> **Task**
Look through the data below for the line with "HOW TO SYNCHRONIZE" and the line with "Wassertemperatur in Little", then transcribe exactly from the first through the second, leaving out all pictures.

Top of Data in this exercise

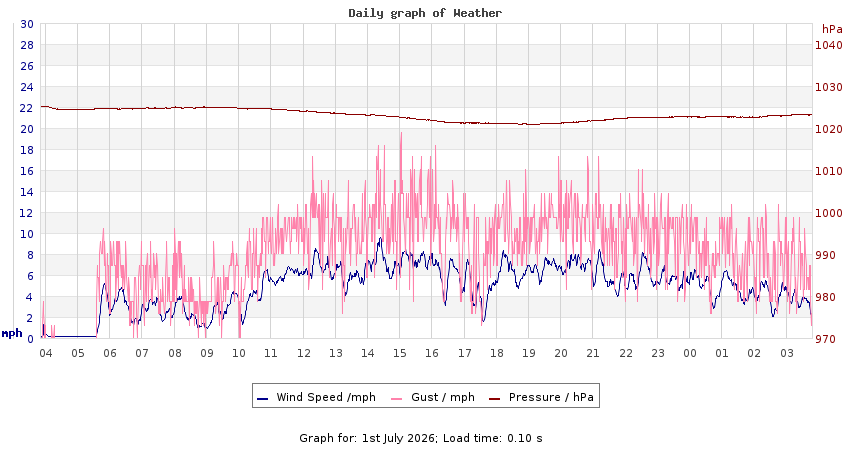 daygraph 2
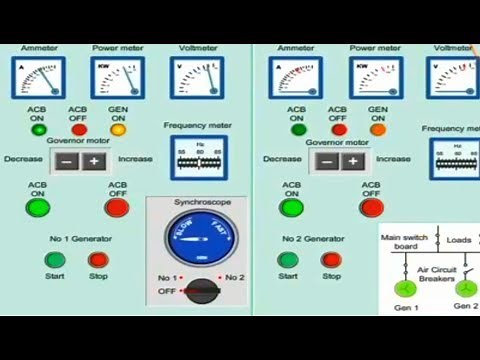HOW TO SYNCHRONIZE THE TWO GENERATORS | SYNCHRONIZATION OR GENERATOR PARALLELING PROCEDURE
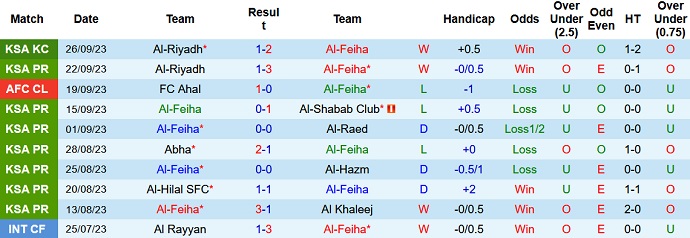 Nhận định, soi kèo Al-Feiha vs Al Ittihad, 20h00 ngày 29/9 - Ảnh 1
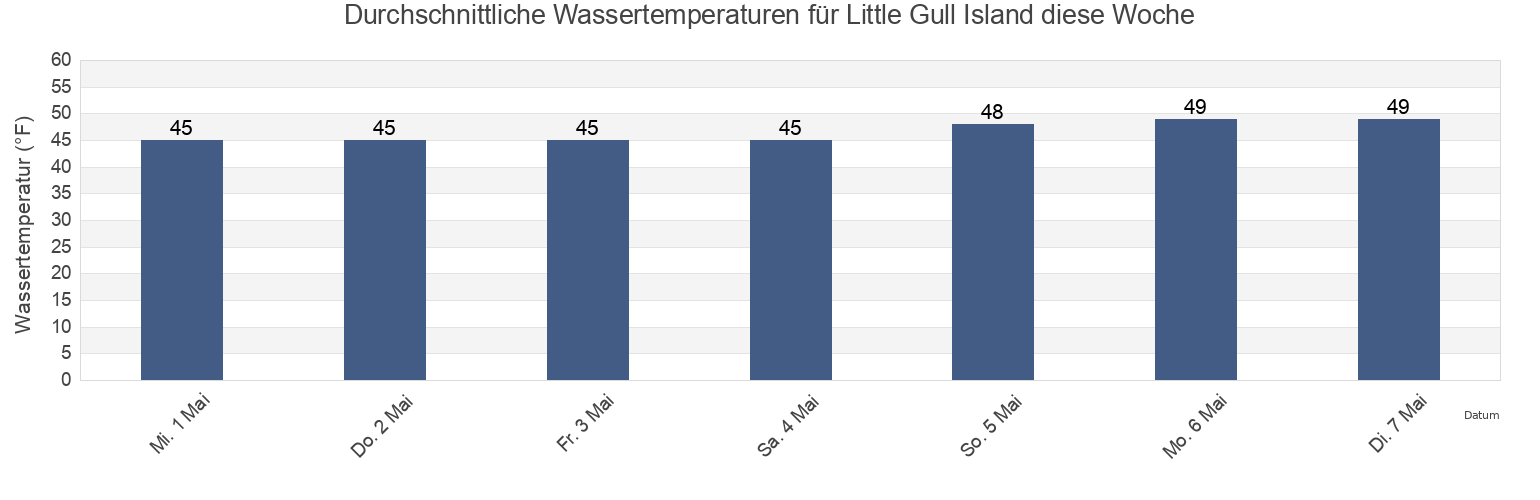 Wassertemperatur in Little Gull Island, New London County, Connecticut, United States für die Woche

Bottom of Data in this exercise
Top of Data in this exercise

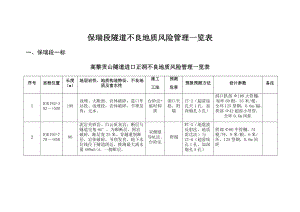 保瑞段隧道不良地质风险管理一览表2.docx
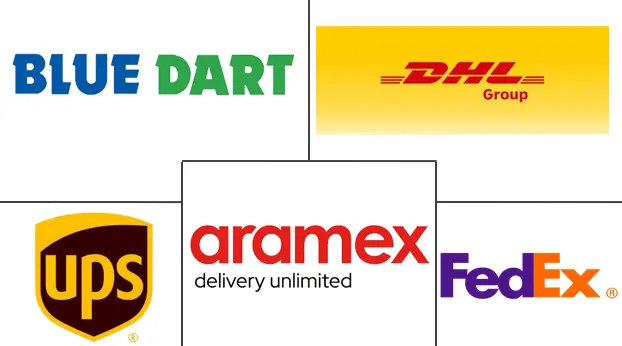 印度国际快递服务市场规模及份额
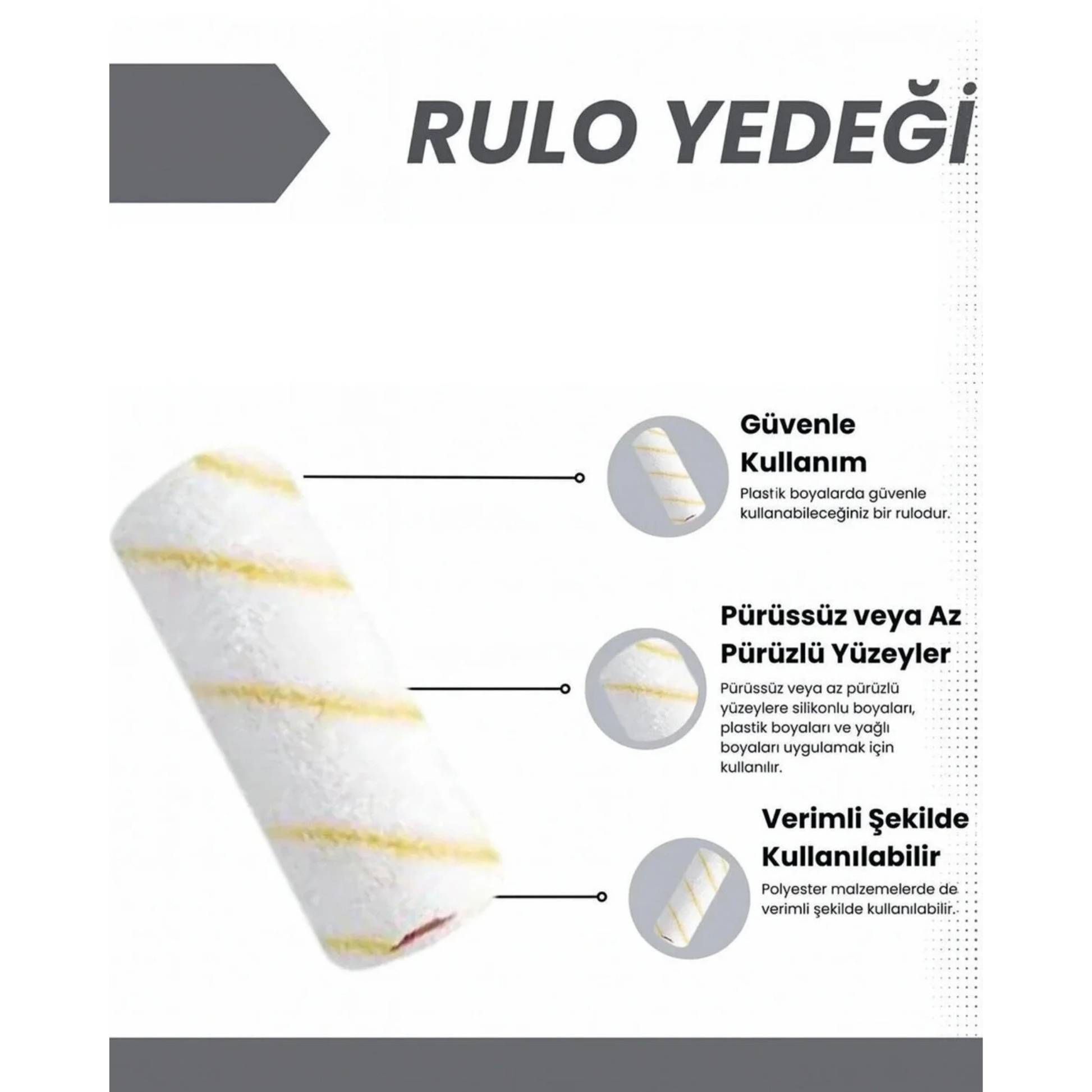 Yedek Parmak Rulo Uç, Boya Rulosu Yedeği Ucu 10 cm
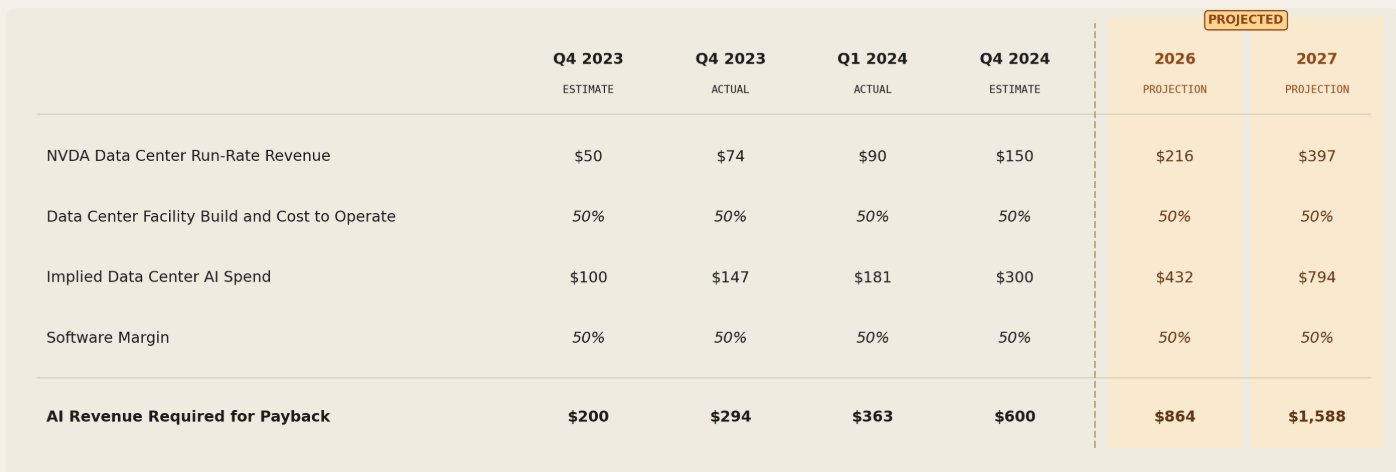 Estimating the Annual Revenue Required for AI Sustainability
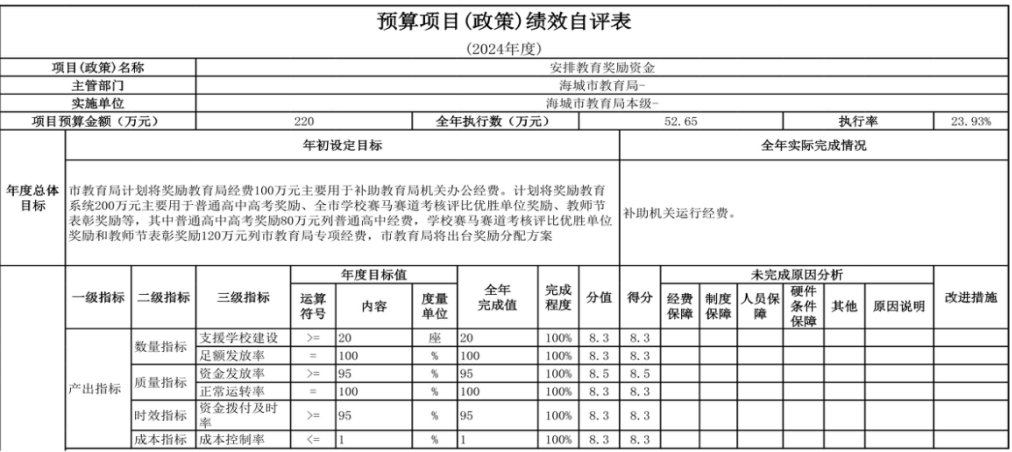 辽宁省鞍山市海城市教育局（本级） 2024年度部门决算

Bottom of Data in this exercise

> **Answer to this problem**
HOW TO SYNCHRONIZE THE TWO GENERATORS | SYNCHRONIZATION OR GENERATOR PARALLELING PROCEDURE
 Nhận định, soi kèo Al-Feiha vs Al Ittihad, 20h00 ngày 29/9 - Ảnh 1
 Wassertemperatur in Little Gull Island, New London County, Connecticut, United States für die Woche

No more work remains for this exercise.